In my stats textbook, they define the following function:

$\mathbf{f} = \frac{1}{2}(\mathbf{A}\mathbf{x} - \mathbf{b})^2$,

where $\mathbf{A}$ is a matrix, $\mathbf{x}, \mathbf{b}$ are just vectors. They then say that:

$\frac{\partial \mathbf{f}}{\partial \mathbf{x}} = \mathbf{A}^{T}(\mathbf{A}\mathbf{x} - \mathbf{b})$

I tried to do this derivative using index notion. So, I defined $f$ as:

$f = \frac{1}{2} (A_{ij}x^{j} - b_{i})^2$,

Then took the derivative with respect to $x^k$, (I use commas to denote partial derivatives):

$f_{,k} = \delta^{j}_{k} A_{ij} (A_{ij}x^{j} - b_{i})$

Which applying the contraction, I get:

$f_{,k} = A_{i}^{k} (A_{ij}x^{j} - b_{i})$

But, I do not know if $A_{i}^{k}$ represents $\mathbf{A}^T$?

Answer 1

Your second equation can be rewritten by taking its $k$th component, viz. $$f_{,k}=(A^T)_{ki}(Ax-b)_i=(A^T)_{ki}(A_{ij}x_j-b_i).$$Comparing this with your final equation, $A_i^k=(A^T)_{ki}=A_{ik}$.

Answer 2

Some comments (I am not yet allowed add them as a comment):
a) your function $f=(Ax-b)^2$ is not defined if $A$ is a matrix.
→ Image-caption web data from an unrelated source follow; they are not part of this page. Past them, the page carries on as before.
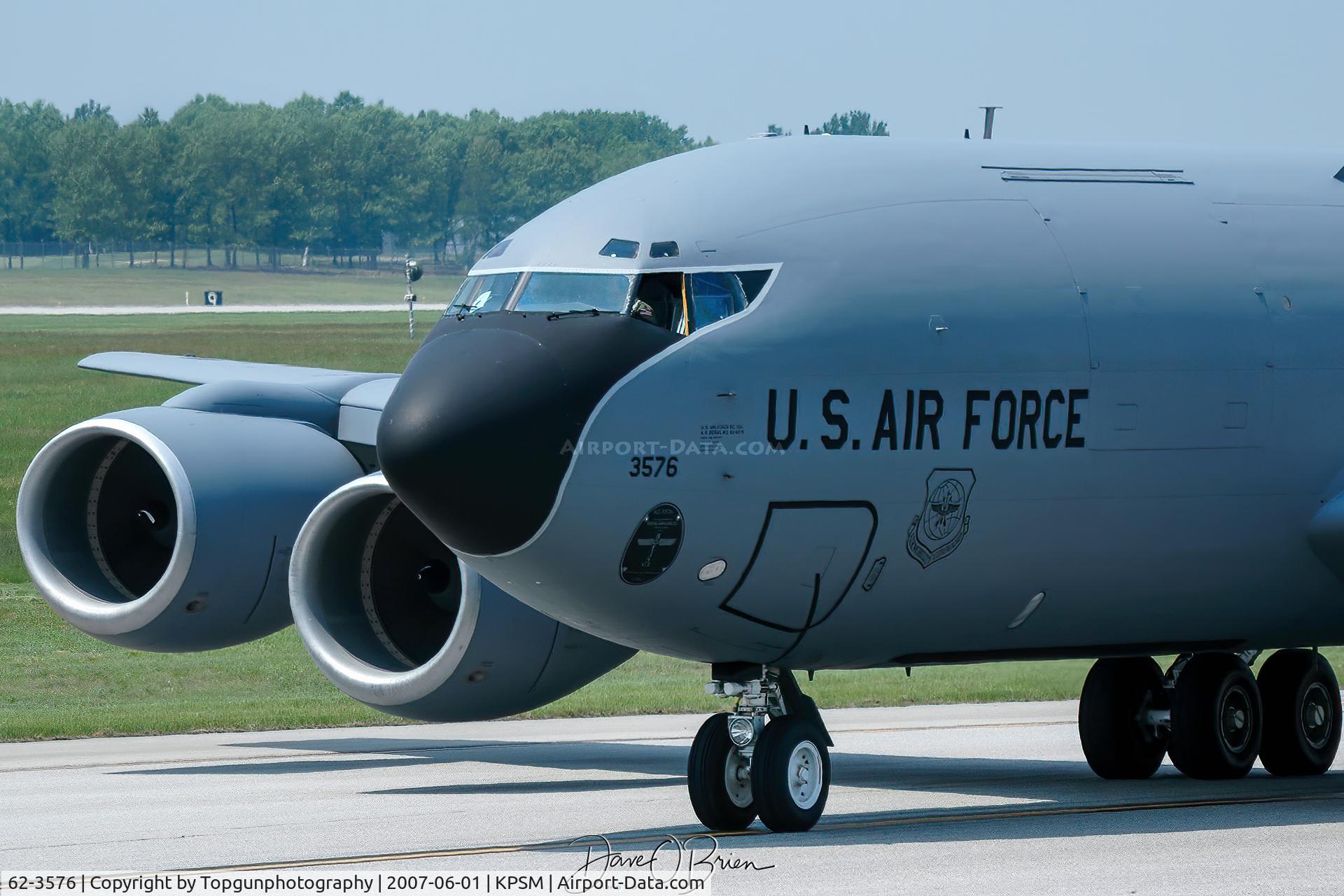 62-3576, 1962 Boeing KC-135R Stratotanker C/N 18559, PACK flight #2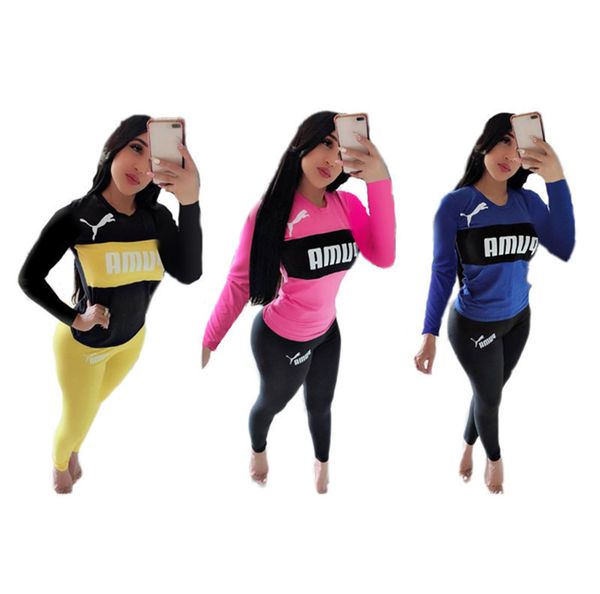2023 brand designer women letter tracksuits fall winter 2 piece sets long sleeve hoodies+pants pullover sports suit fashion outfits crew nec, Gray
2023 brand designer women letter tracksuits fall winter 2 piece sets long sleeve hoodies+pants pullover sports suit fashion outfits crew nec, Gray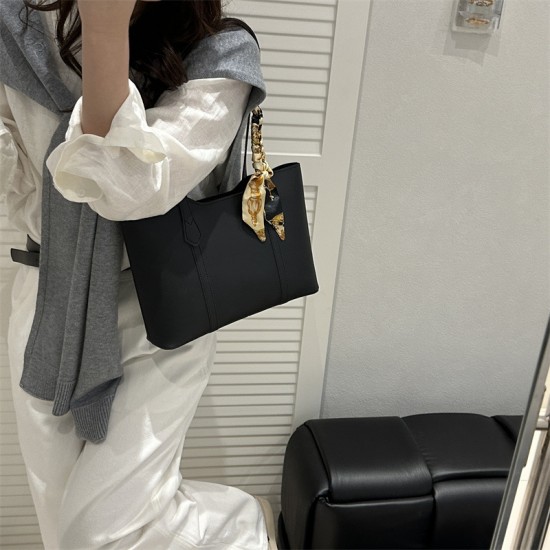 Wholesale light luxury silk scarves, bow tie hand-held tote bags, women's bags, 2025 summer new style patchwork single-shoulder bags, trendy underarm bags Wholesale light luxury silk scarves, bow tie hand-held tote bags, women's bags, 2025 summer new style patchwork single-shoulder bags, trendy underarm bags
My guess is that it should be $f(x)=(Ax-b)^T(Ax-b)$.
b) The key of derivating a real valued function $f$ wrt a $K$-vector $x$ is:
b1) If $x$ is a column vector then $\partial f/\partial x$ is a column vector with $\partial f/\partial x_i$ as i-th element
b2) $\partial x/\partial x^T = \partial x^T/\partial x = I_K$
With these conventions derivation of $f$ wrt the vector $x$ yields the same result as element by element partial derivation.